PhaseNet: A Deep-Neural-Network-Based Seismic Arrival Time Picking Method
1. Install miniconda and requirements
- Download PhaseNet repository
git clone https://github.com/wayneweiqiang/PhaseNet.git
cd PhaseNet
- Install to default environment
conda env update -f=env.yaml -n base
- Install to "phasenet" virtual envirionment
conda env create -f env.yaml
conda activate phasenet
- For Mac ARM chip, please use the env_mac.yaml file
conda env create -f env_mac.yaml
conda activate phasenet
2. Pre-trained model
Located in directory: model/190703-214543
3. Related papers
- Zhu, Weiqiang, and Gregory C. Beroza. "PhaseNet: A Deep-Neural-Network-Based Seismic Arrival Time Picking Method." arXiv preprint arXiv:1803.03211 (2018).
- Liu, Min, et al. "Rapid characterization of the July 2019 Ridgecrest, California, earthquake sequence from raw seismic data using machine‐learning phase picker." Geophysical Research Letters 47.4 (2020): e2019GL086189.
- Park, Yongsoo, et al. "Machine‐learning‐based analysis of the Guy‐Greenbrier, Arkansas earthquakes: A tale of two sequences." Geophysical Research Letters 47.6 (2020): e2020GL087032.
- Chai, Chengping, et al. "Using a deep neural network and transfer learning to bridge scales for seismic phase picking." Geophysical Research Letters 47.16 (2020): e2020GL088651.
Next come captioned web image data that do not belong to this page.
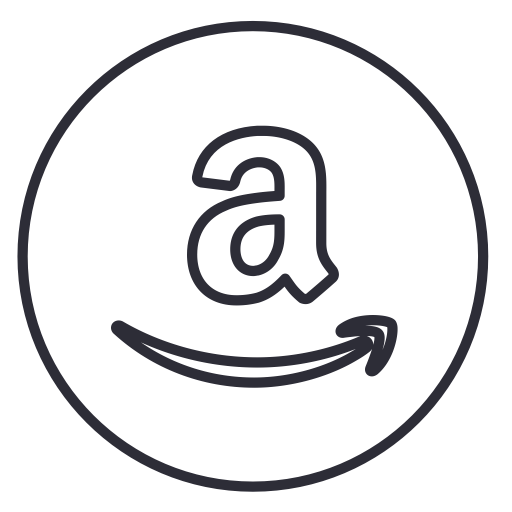 Line, Ecommerce, Amazon Icon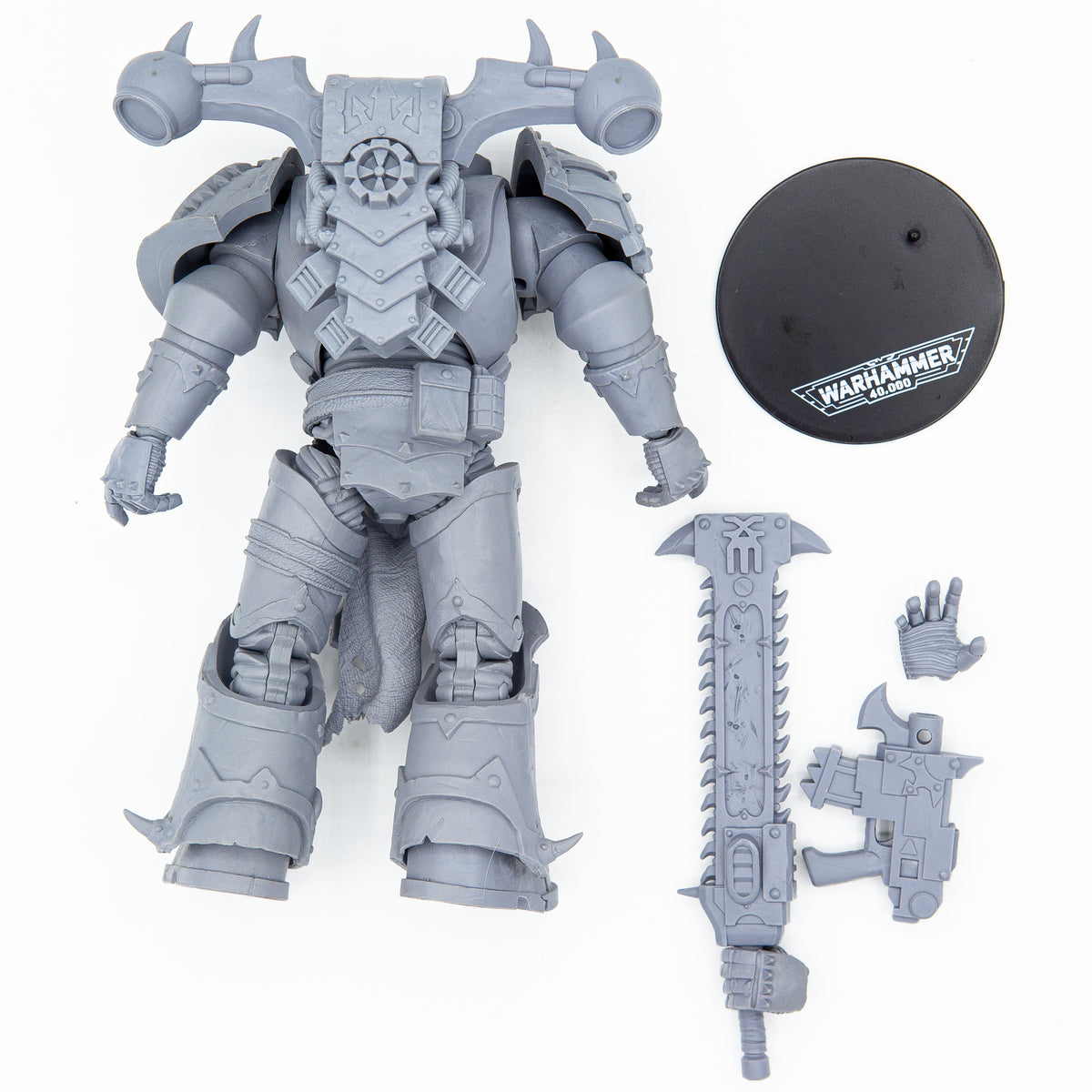 Warhammer 40k Actionfigur Chaos Space Marine (Artist Proof) 18 cm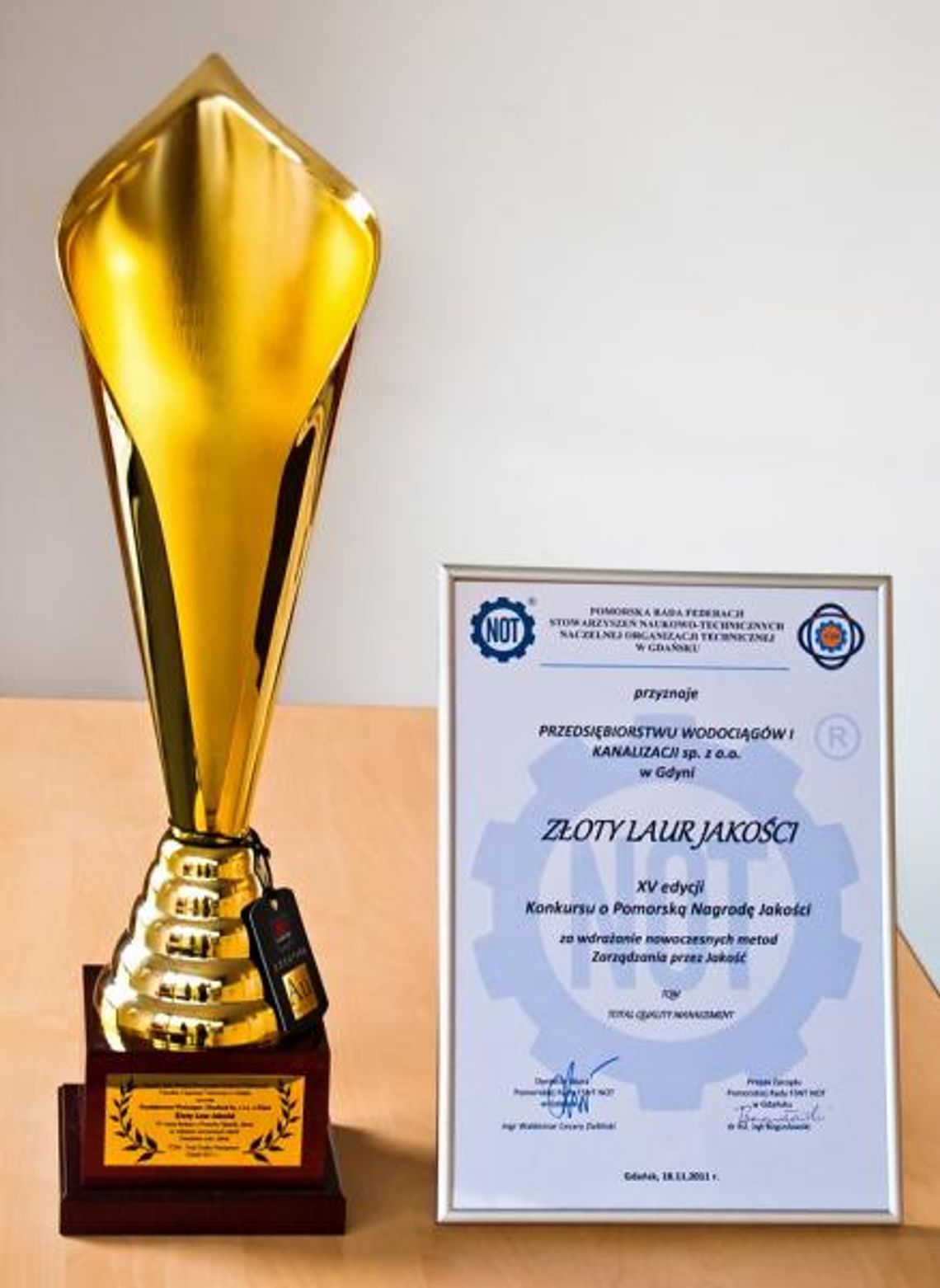 Uwaga przedsiębiorcy! Rusza 20. edycja Konkursu o Pomorską Nagrodę Jakości Uwaga przedsiębiorcy! Rusza 20. edycja Konkursu o Pomorską Nagrodę Jakości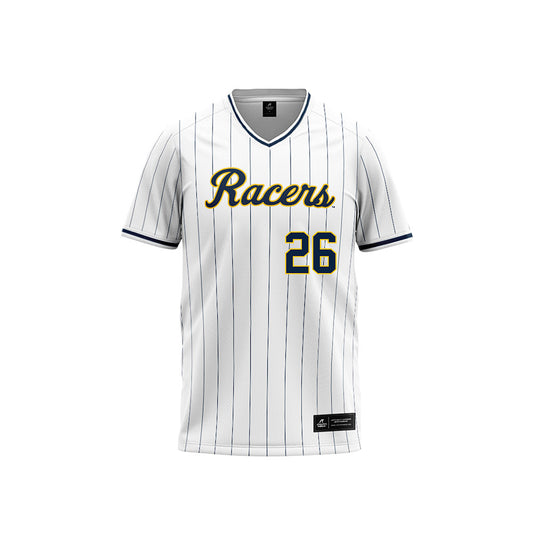 Murray State - NCAA Softball : Emily Siurek - White Baseball Jersey-0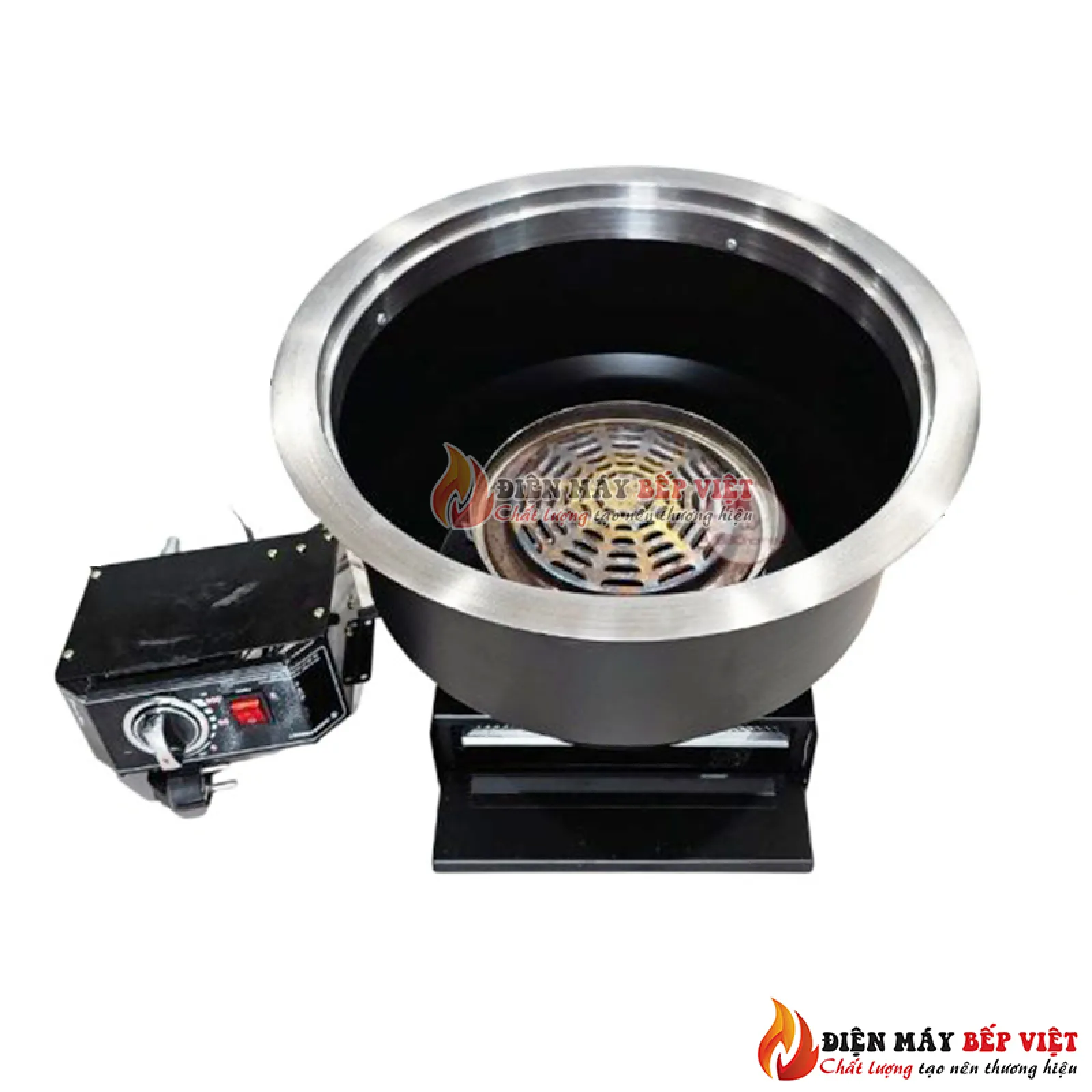 Bếp Nướng Gas kết Hợp Than Cao Cấp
- Tan, Yen Joe, et al. "Machine‐Learning‐Based High‐Resolution Earthquake Catalog Reveals How Complex Fault Structures Were Activated during the 2016–2017 Central Italy Sequence." The Seismic Record 1.1 (2021): 11-19.
4. Batch prediction
See examples in the notebook: example_batch_prediction.ipynb
PhaseNet currently supports four data formats: mseed, sac, hdf5, and numpy. The test data can be downloaded here:
wget https://github.com/wayneweiqiang/PhaseNet/releases/download/test_data/test_data.zip
unzip test_data.zip
- For mseed format:
python phasenet/predict.py --model=model/190703-214543 --data_list=test_data/mseed.csv --data_dir=test_data/mseed --format=mseed --amplitude --response_xml=test_data/stations.xml --batch_size=1 --sampling_rate=100
python phasenet/predict.py --model=model/190703-214543 --data_list=test_data/mseed2.csv --data_dir=test_data/mseed --format=mseed --amplitude --response_xml=test_data/stations.xml --batch_size=1 --sampling_rate=100
- For sac format:
python phasenet/predict.py --model=model/190703-214543 --data_list=test_data/sac.csv --data_dir=test_data/sac --format=sac --batch_size=1
- For numpy format:
python phasenet/predict.py --model=model/190703-214543 --data_list=test_data/npz.csv --data_dir=test_data/npz --format=numpy
- For hdf5 format:
python phasenet/predict.py --model=model/190703-214543 --hdf5_file=test_data/data.h5 --hdf5_group=data --format=hdf5
- For a seismic array (used by QuakeFlow):
python phasenet/predict.py --model=model/190703-214543 --data_list=test_data/mseed_array.csv --data_dir=test_data/mseed_array --stations=test_data/stations.json --format=mseed_array --amplitude
Notes:
-
The reason for using "--batch_size=1" is because the mseed or sac files usually are not the same length. If you want to use a larger batch size for a good prediction speed, you need to cut the data to the same length.
-
Remove the "--plot_figure" argument for large datasets, because plotting can be very slow.
Optional arguments:
usage: predict.py [-h] [--batch_size BATCH_SIZE] [--model_dir MODEL_DIR]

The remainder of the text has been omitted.